What this task involves ▸
Repeat exactly the line with "How to Clean" and each line after it to the end of the data below; pictures stay out.

(Brief descriptive captions)
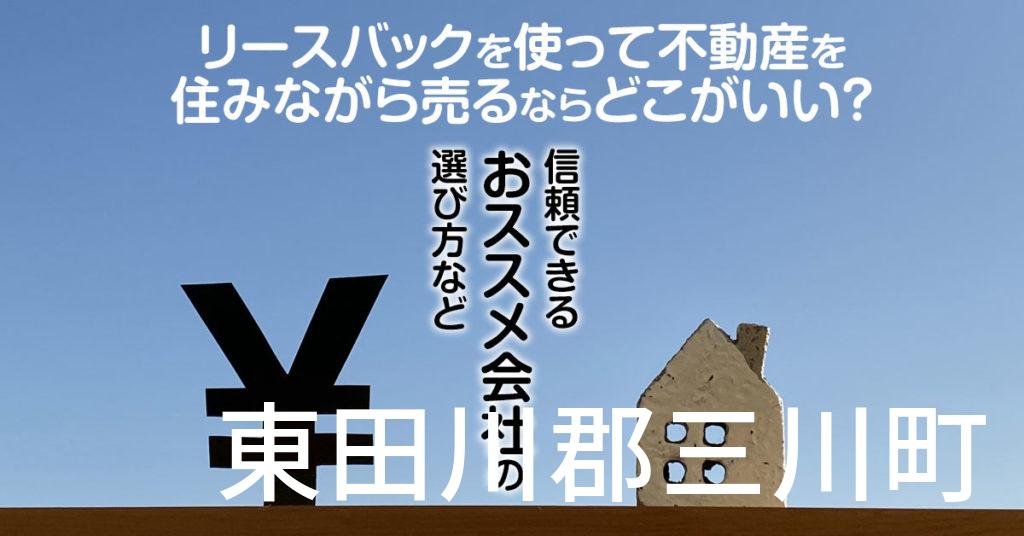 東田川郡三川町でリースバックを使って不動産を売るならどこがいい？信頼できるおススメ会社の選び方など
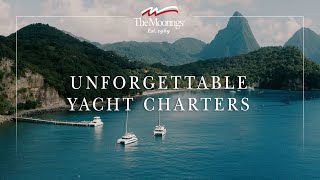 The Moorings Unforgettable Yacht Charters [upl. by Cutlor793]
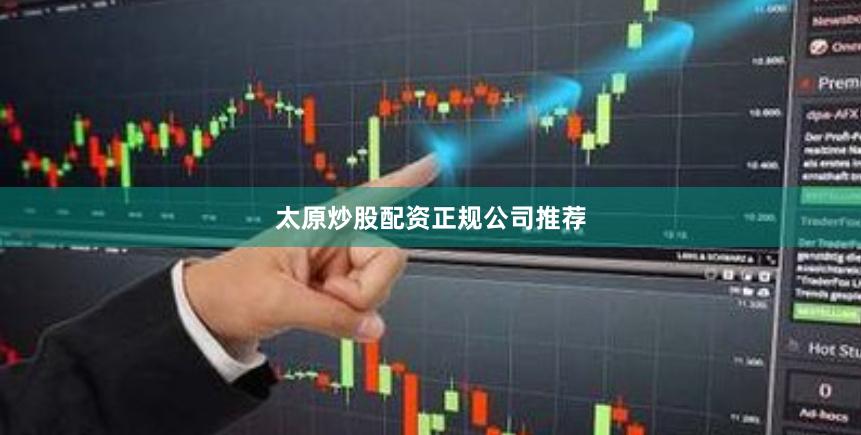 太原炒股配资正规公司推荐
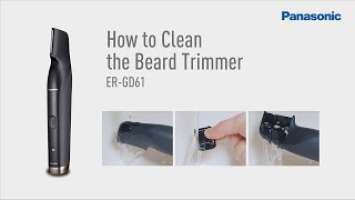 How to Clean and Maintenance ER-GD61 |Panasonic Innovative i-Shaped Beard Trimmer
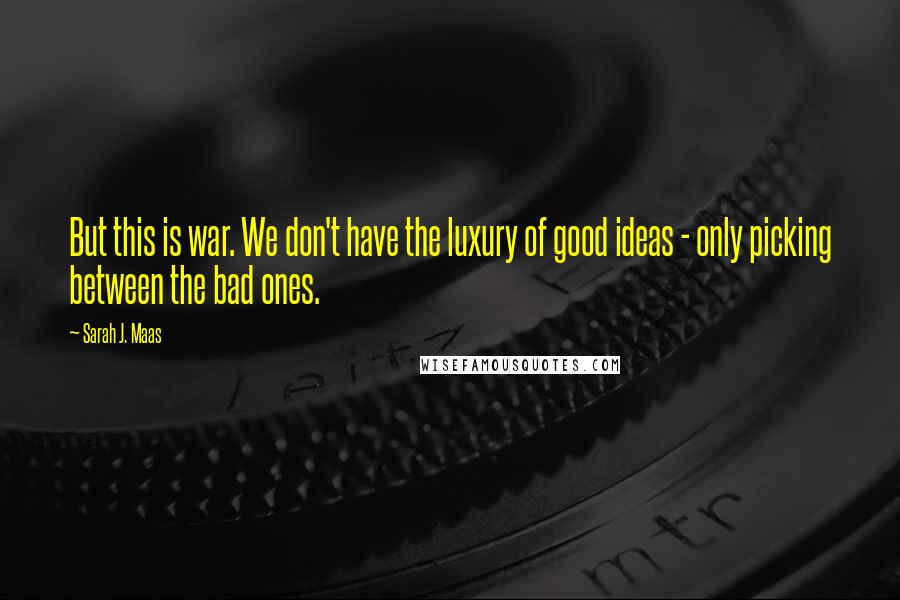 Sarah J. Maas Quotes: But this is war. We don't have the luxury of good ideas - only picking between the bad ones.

Response box ▸
 How to Clean and Maintenance ER-GD61 |Panasonic Innovative i-Shaped Beard Trimmer
 Sarah J. Maas Quotes: But this is war. We don't have the luxury of good ideas - only picking between the bad ones.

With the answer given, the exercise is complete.